Direct DataFile Upload/Replace API

The direct Datafile Upload API is used internally to support direct upload of files to S3 storage and by tools such as the DVUploader.

Overview

Direct upload involves a series of three activities, each involving interacting with the server for a Dataverse installation:

  • Requesting initiation of a transfer from the server

  • Use of the pre-signed URL(s) returned in that call to perform an upload/multipart-upload of the file to S3

  • A call to the server to register the file/files as part of the dataset/replace a file in the dataset or to cancel the transfer

This API is only enabled when a Dataset is configured with a data store supporting direct S3 upload. Administrators should be aware that partial transfers, where a client starts uploading the file/parts of the file and does not contact the server to complete/cancel the transfer, will result in data stored in S3 that is not referenced in the Dataverse installation (e.g. should be considered temporary and deleted.)

Requesting Direct Upload of a DataFile

To initiate a transfer of a file to S3, make a call to the Dataverse installation indicating the size of the file to upload. The response will include a pre-signed URL(s) that allow the client to transfer the file. Pre-signed URLs include a short-lived token authorizing the action represented by the URL.
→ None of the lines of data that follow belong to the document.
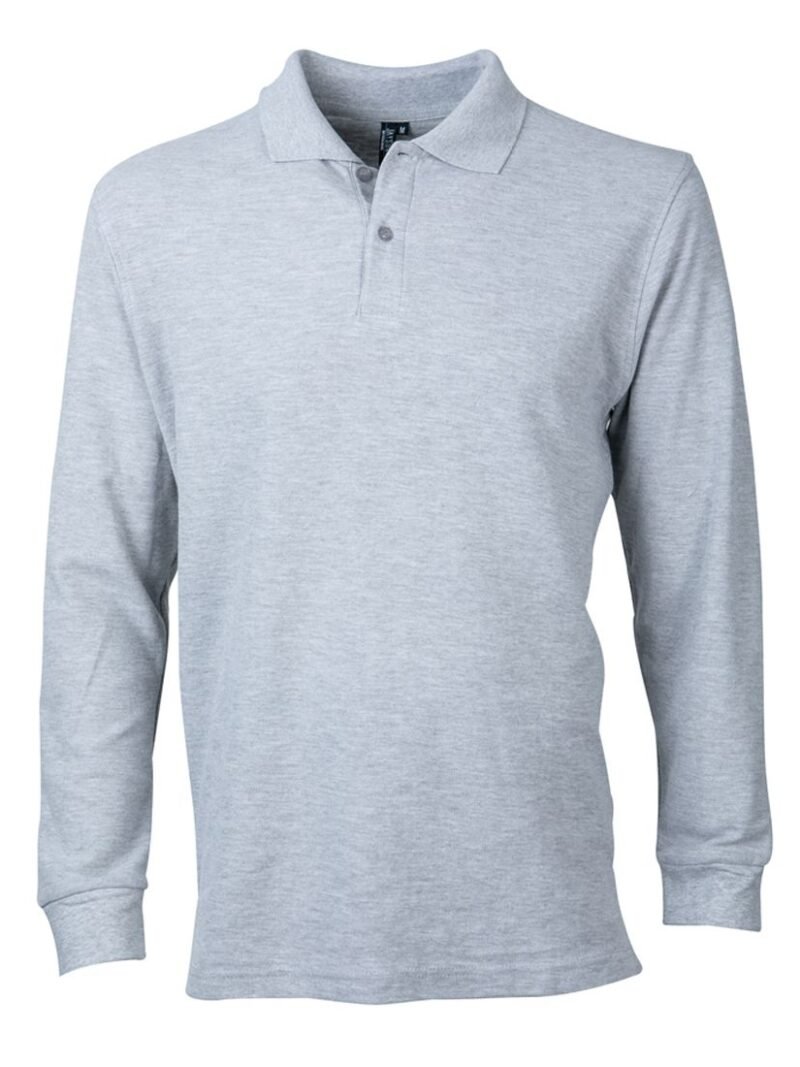 POLERA PIQUÉ HOMBRE GRIS M/L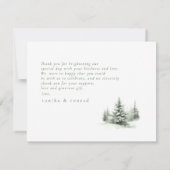 素朴冬のウエディング感謝していフォレストの緑ID1049 サンキューカード (裏面)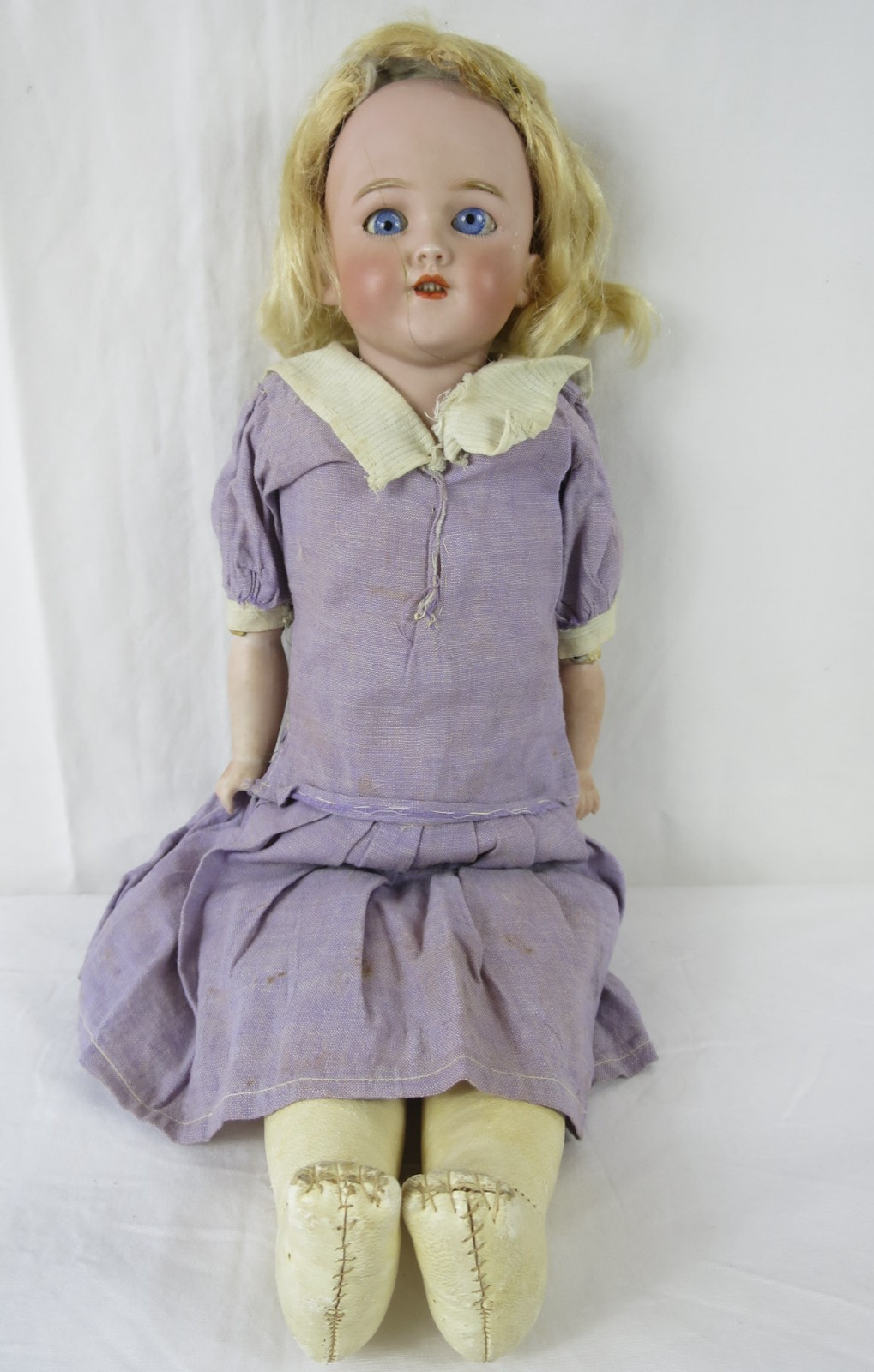 Antique Simon Halbig Bisque Head Leather Body German Doll Needs Repair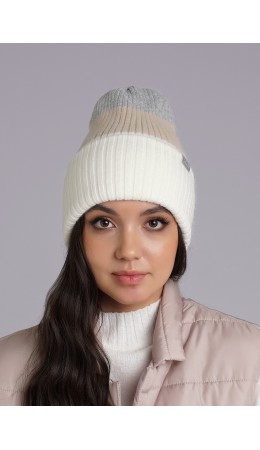 CLE Шапка 433809паш, меланж св.серый/молочный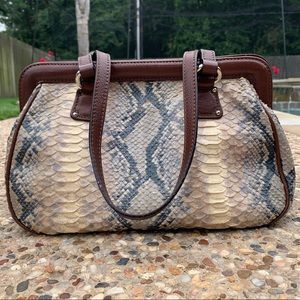 Donald J. Pliner Snakeskin Satchel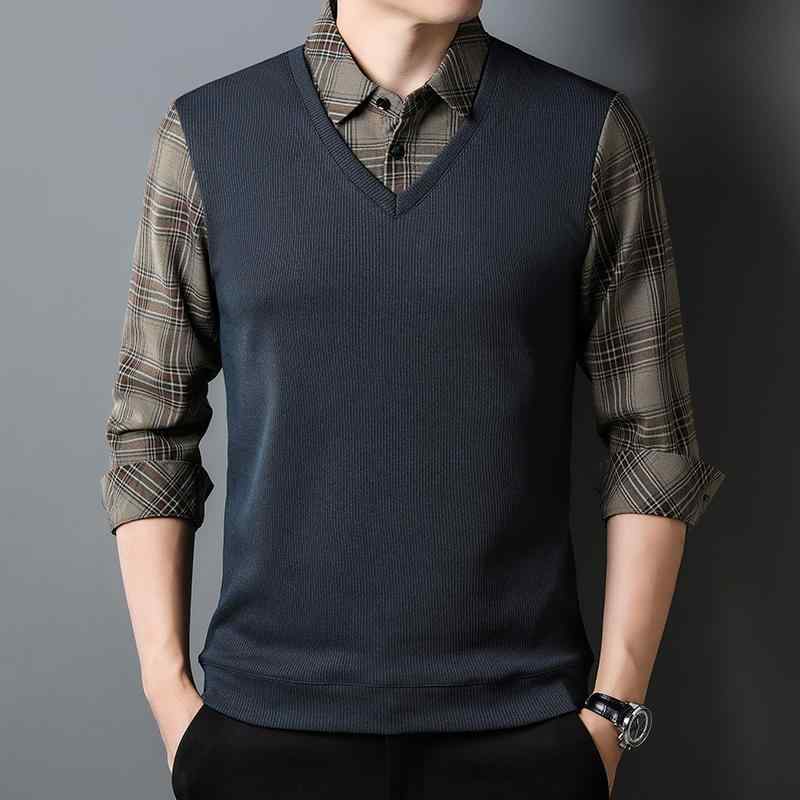 メンズ 長袖 フェイク ツーピース ラペル ニット チェック柄 インナー 重ね着風 カジュアル トップス おしゃれ 快適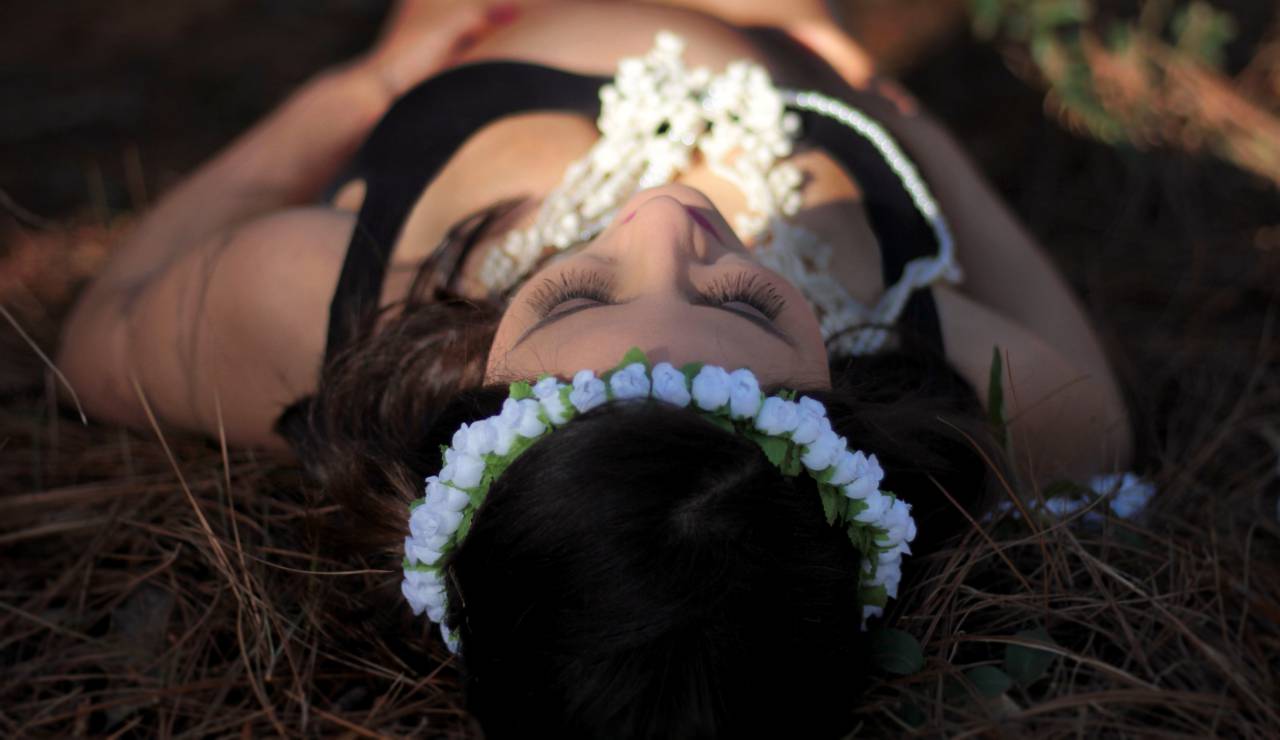 people, girl, flower, headband, grass, photography, grass
, 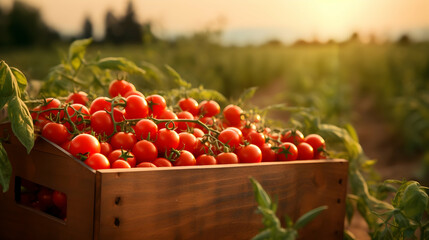 Cherry tomatoes harvested in a wooden box with field and sunset in the background. Natural organic fruit abundance. Agriculture, healthy and natural food concept. Horizontal composition.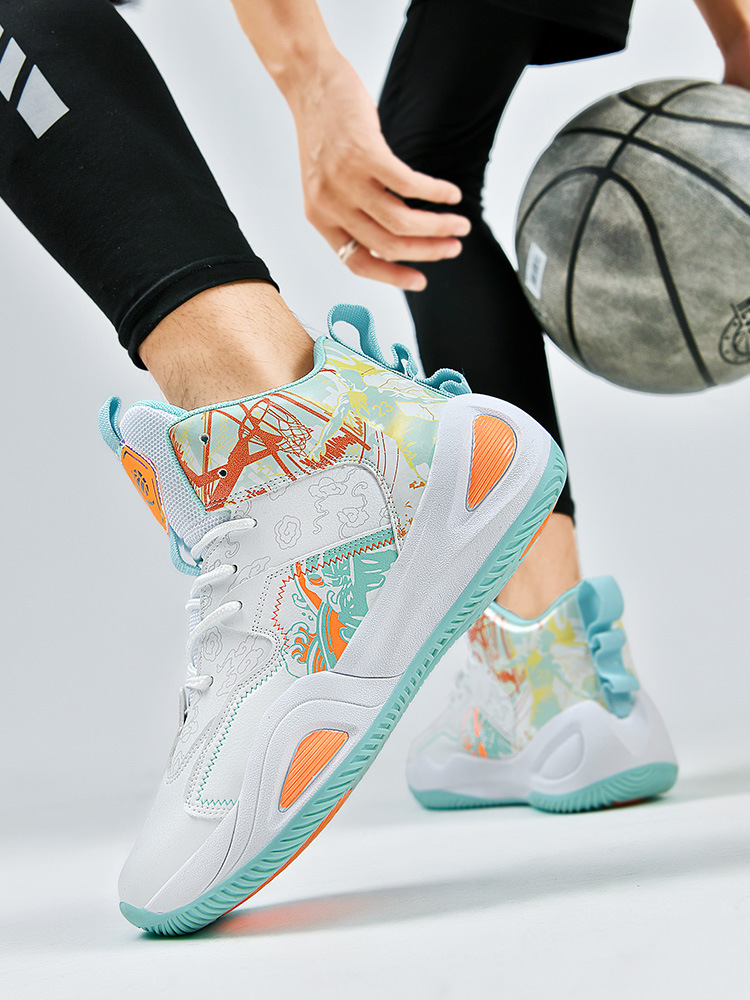 Otoño y invierno nuevo tipo de zapatos de baloncesto de pato pato de cuero hombre respirado zapatos de entrenamiento antideslizantes zapatos de entrenamiento de estudiantes zapatos de mujer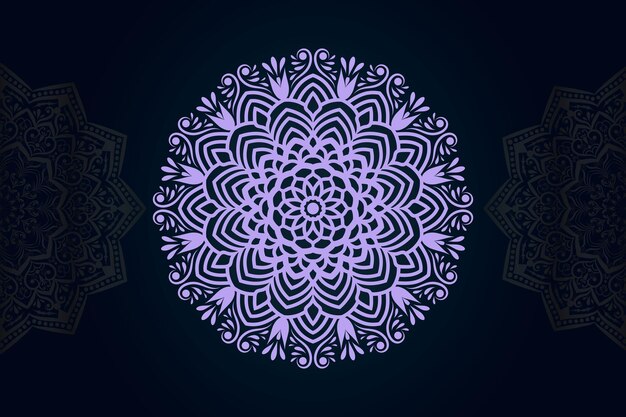 Vector plantilla de diseño de fondo de patrón de mandala de estilo arabesco étnico elegante árabe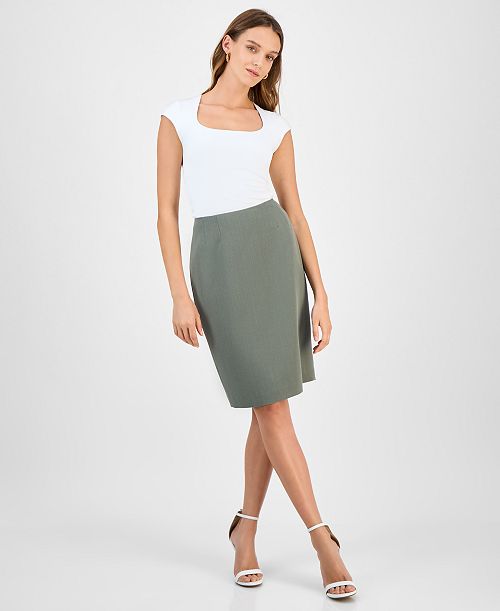 Kasper Women's Stretch-Crepe Slim Pencil Skirt Women's Fashion Shoes & Accessories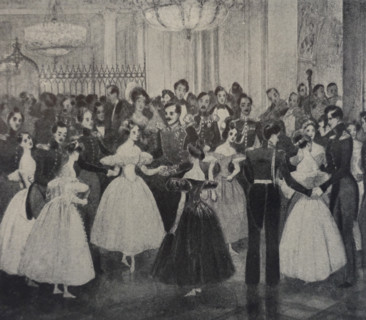 Mikhail Yuryevich Lermontov enjoy the ball at Princess M. F. Baryatinskaya.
export API_TOKEN=xxxxxxxx-xxxx-xxxx-xxxx-xxxxxxxxxxxx
export SERVER_URL=https://demo.dataverse.org
export PERSISTENT_IDENTIFIER=doi:10.5072/FK27U7YBV
export SIZE=1000000000

curl -H "X-Dataverse-key:$API_TOKEN" "$SERVER_URL/api/datasets/:persistentId/uploadurls?persistentId=$PERSISTENT_IDENTIFIER&size=$SIZE"

The response to this call, assuming direct uploads are enabled, will be one of two forms:

Single URL: when the file is smaller than the size at which uploads must be broken into multiple parts

{
  "status":"OK",
  "data":{
    "url":"...",
    "partSize":1073741824,
    "storageIdentifier":"s3://demo-dataverse-bucket:177883619b8-892ca9f7112e"
  }
}

Multiple URLs: when the file must be uploaded in multiple parts. The part size is set by the Dataverse installation and, for AWS-based storage, range from 5 MB to 5 GB

{
  "status":"OK",
  "data":{
  "urls":{
    "1":"...",
    "2":"...",
    "3":"...",
    "4":"...",
    "5":"..."
  }
  "abort":"/api/datasets/mpupload?...",
  "complete":"/api/datasets/mpupload?..."
  "partSize":1073741824,
  "storageIdentifier":"s3://demo-dataverse-bucket:177883b000e-49cedef268ac"
}

The call will return a 400 (BAD REQUEST) response if the file is larger than what is allowed by the :MaxFileUploadSizeInBytes) and/or a quota (see Storage Quotas for Collections).

In the example responses above, the URLs, which are very long, have been omitted. These URLs reference the S3 server and the specific object identifier that will be used, starting with, for example, https://demo-dataverse-bucket.s3.amazonaws.com/10.5072/FK2FOQPJS/177883b000e-49cedef268ac?…

The client must then use the URL(s) to PUT the file, or if the file is larger than the specified partSize, parts of the file.

In the single part case, only one call to the supplied URL is required:

curl -i -H 'x-amz-tagging:dv-state=temp' -X PUT -T <filename> "<supplied url>"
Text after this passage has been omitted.